■ **DATA FOR THE TASK**:
○ ○ ○ ○ ○ ○ ○
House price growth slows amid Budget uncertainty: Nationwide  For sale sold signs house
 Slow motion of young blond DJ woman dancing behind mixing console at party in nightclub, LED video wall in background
○ ○ ○ ○ ○ ○ ○
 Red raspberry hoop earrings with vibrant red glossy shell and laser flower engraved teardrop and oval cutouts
○ ○ ○ ○ ○ ○ ○
■ **TASK GOAL**:
From the data above, output exactly the lines between the one containing "House price growth" and the one containing "Slow motion of", counting both of them.

■ **OUTPUT FOR THIS EXERCISE**:
House price growth slows amid Budget uncertainty: Nationwide  For sale sold signs house
 Slow motion of young blond DJ woman dancing behind mixing console at party in nightclub, LED video wall in background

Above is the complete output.